Prints in a Time of Political Madness

Protester at the Women’s March in New York on 21 January 2017 holding an Amplifier poster: Shepard Fairey, We the People—Greater than Fear (2017) (downloadable for free on the Amplifier website). Photo: Jessica He. Image courtesy of Amplifier.

Donald Trump’s unexpected Electoral College victory in the presidential election last November and the solidification of Republican control of the House of Representatives, the Senate and a majority of statehouses has triggered a wave of political activism across the country, not least in the art world. Trump’s campaign rhetoric, which dealt in xenophobia, nationalism and thinly veiled racism, sparked concerns about civil liberties before he even took office, and while as of this writing courts have blocked the most egregious of his executive orders, administration policies present imminent threats of deportation to many. On almost every front—from health care to the environment to education—his administration has pursued goals that move away from the desires of a majority of Americans and seem to refute core values of equality, fairness and tolerance.

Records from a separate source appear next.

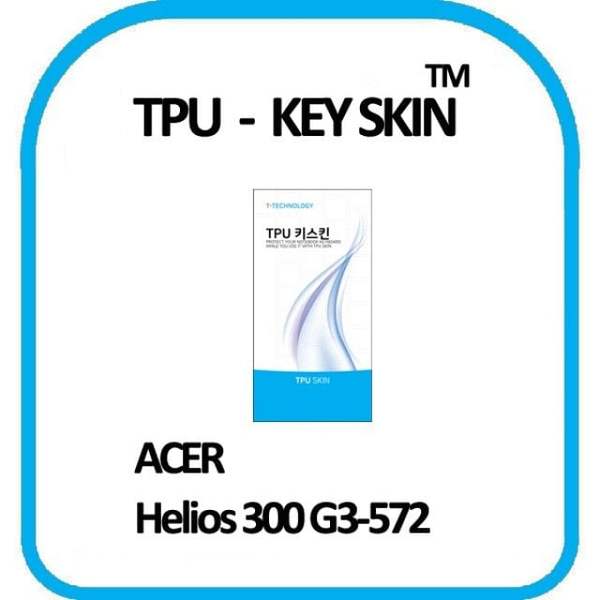 확대된 대표 프레데터 헬리오스 300 G3-572 노트북 키스킨 TPU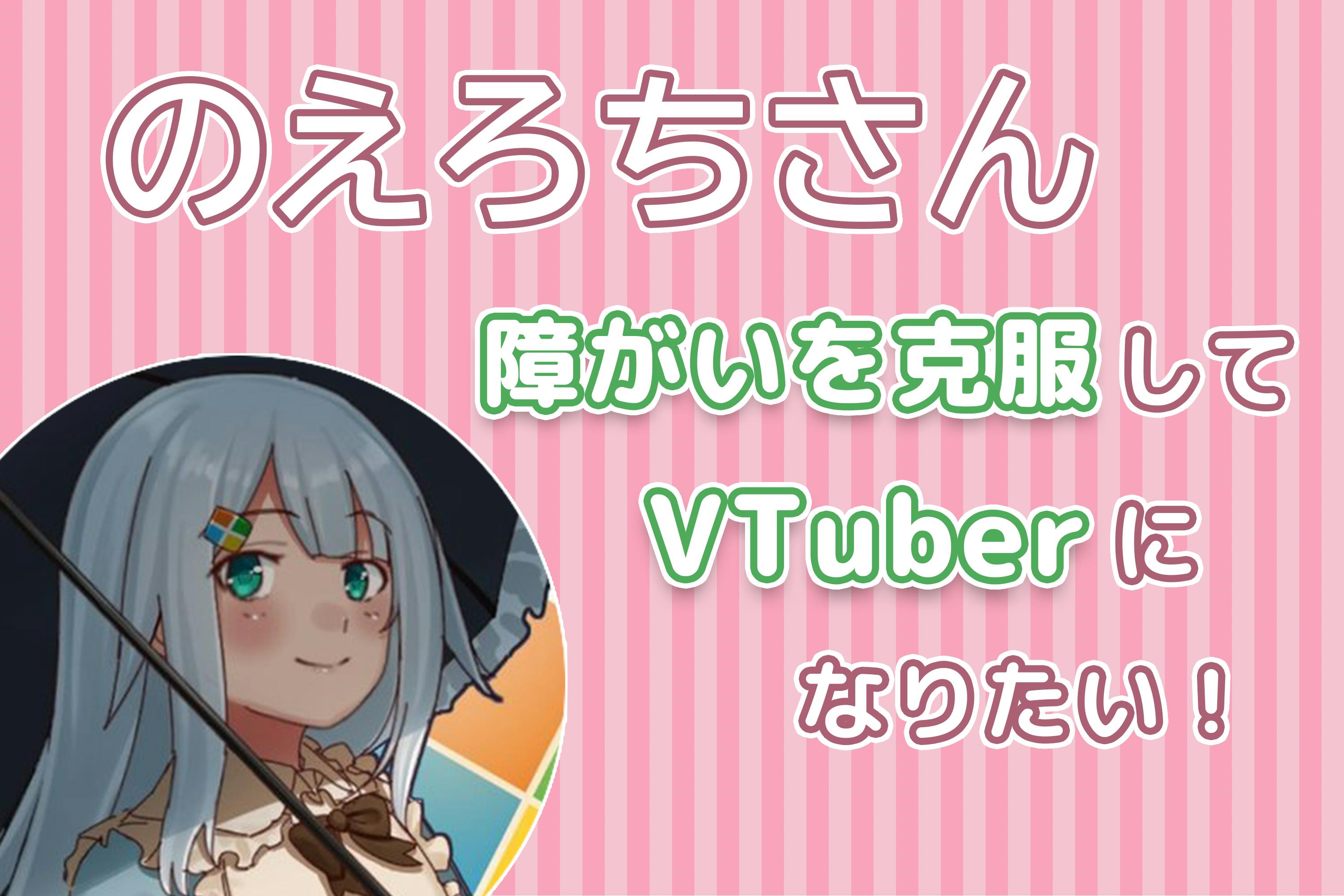 障害を克服してvtuberになりたい のえろちさんvtuber化プロジェクト Campfire キャンプファイヤー 障害を克服してvtuberになりたい のえろちさんvtuber化プロジェクト Campfire キャンプファイヤー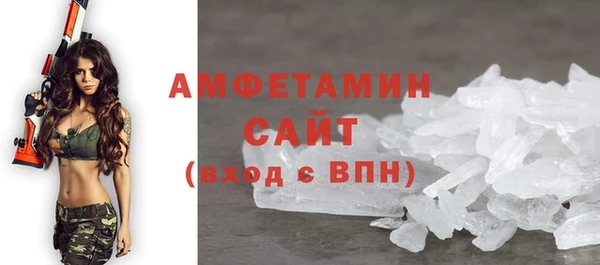 кристаллы Бронницы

Resistance to this agenda has taken many forms: the Women’s March on Washington, held the day after the Inauguration, drew 450,000 to 500,000 to the capital, while an estimated 5 million participated in related marches around the world. Subsequent marches have been organized in defense of everything from civil rights to science. Printmakers, whose politics typically skew to the left, have organized to provide resources and galvanize creativity as an outlet for frustration, fear and anger. Organizations and presses have held public printmaking events that serve as an entry point into grassroots organizing. The nationwide network Print Organize Protest and the Rhode Island School of Design portfolio Prints for Protest came into being as direct responses to the election; and extant organizations such as the international artists’ collective Justseeds, the not-for-profit Amplifier, the Interference Archive in Brooklyn, and Shoestring Press (also in Brooklyn) have seen increased participation, donations and media coverage.